North Korea and Denuclearization

27 July 2018

On the 65th anniversary of armistice from the Korean War, the Nuclear Security Working Group and member Peter Huessy hosted a group from the Stanford Freeman Spogli Institute for a breakfast meeting at the Capitol Hill Club. The panel, moderated by NSWG chair Janne Nolan, included former Ambassador to South Korea Kathleen Stephens, expert in inter-Korean affairs Dr. Gi-Wook Shin, and nuclear expert Dr. Scott Sagan. Each of the panelists agreed that the reduction of tensions since 2017 is beneficial, but some raised concerns about the administration’s ability to secure a favorable deal without sacrificing vital concessions. Other obstacles to creating a lasting agreement include the topic of missile R&D, IAEA verification, and removal of US troops from South Korea.

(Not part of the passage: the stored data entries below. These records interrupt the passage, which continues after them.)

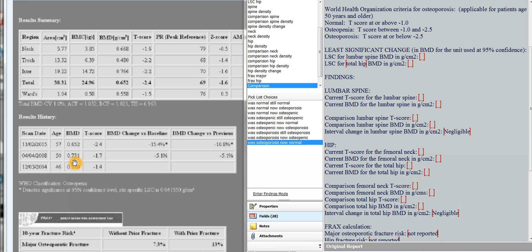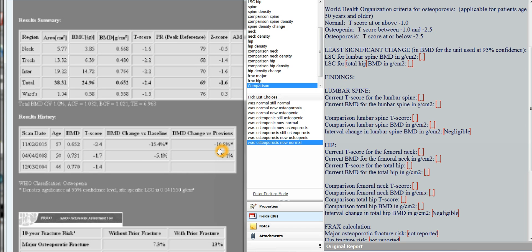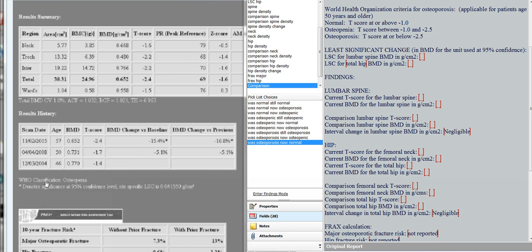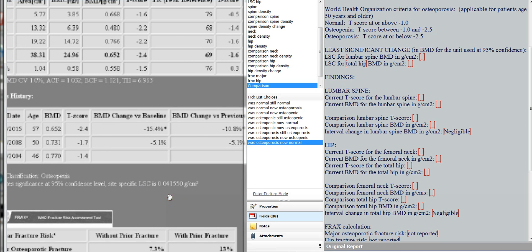This shows the bone mineral density column and it shows that over the interval from 2008 to 2015, there has been a bone mineral change of minus 10.8%. So there's been an 11% decrease in bone mineral density in the total hip. But let's see if that is a statistically significant change. So what you do is, under the results history table, you look for the least significant change required for the hip. And in this case, it's 0.041 grams per centimeter squared.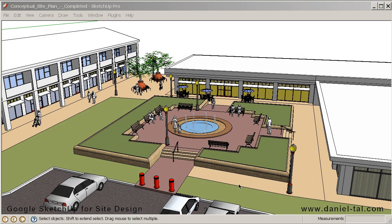This is a supplemental tutorial for the book Google SketchUp for Site Design by Daniel Taal. This tutorial is to be used with Chapter 10, arranging and presenting the model.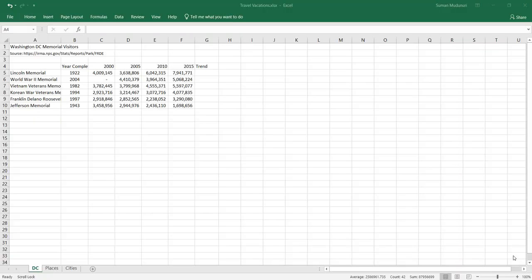Travel Vacations Project Description. You are considering several cities for vacation — in particular, Washington DC, Philadelphia, and Boston. You will format a list of memorials in DC, add sparklines to compare the number of visitors over a 15-year period, and create a bar chart to illustrate annual visitors at each memorial.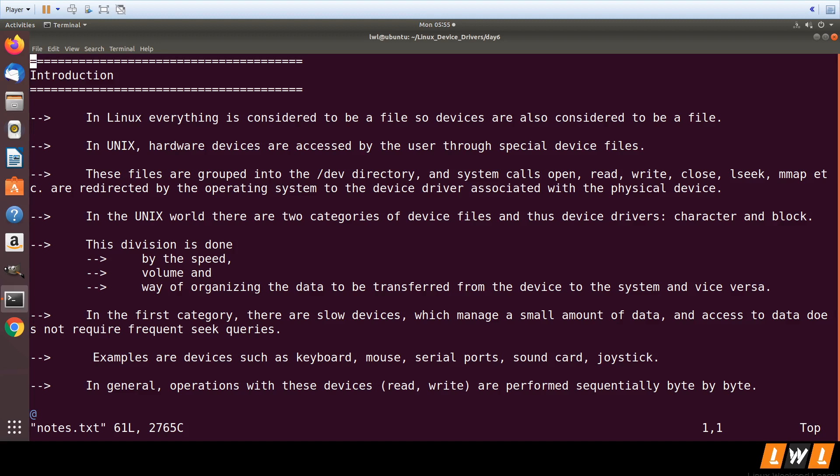So now as we said there are mainly two categories: character and block. We will be looking into character device drivers in this course. Character is a slow device. It will only transfer small amount of data and will not have frequent calls.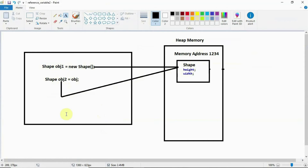Whenever you use the new operator, in that case only an object is created separately for a particular reference variable. If you assign one reference variable to another reference variable, both reference variables refer to the same address of the object. In that case, when you modify any one of the object's values, that value is reflected in the other reference variable also. This is the behavior of reference variables.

Dr. Sagan highlighted just how fragile US-North Korean deterrence currently is, particularly because of Pyongyang’s fear of US preemption. Sagan argued that if North Korea were to get a false warning of an incoming ICBM (like Hawaii did in January 2018), Korean officials would be more likely to treat it as a serious attack. Compared the the US, North Korea has less precise warning systems, less redundant nuclear command and control, and its workforce is less likely to admit mistake for fear of retribution.

Dr. Shin noted the significance behind the increase in frequency of meetings between Xi Jinping and Kim Jong Un. Now that we have engaged North Korea diplomatically, it will be hard to get Chinese support to resume a campaign of maximum pressure, Shin observed. One suggestion was to invite Kim Jong Un’s sister, Kim Yo-jong, to the US to experience Western culture, and demonstrate why North Korea needs to become a normal, open state. 

Ambassador Kathleen Stephens contended that a good short-term, realistic goal is focusing on risk reduction. Efforts to reduce risk include accounting for fissile material to make sure it doesn’t cross borders, creating a US-North Korean hotline, or employing confidence building measures like having North Korean observers at US-South Korean military exercises.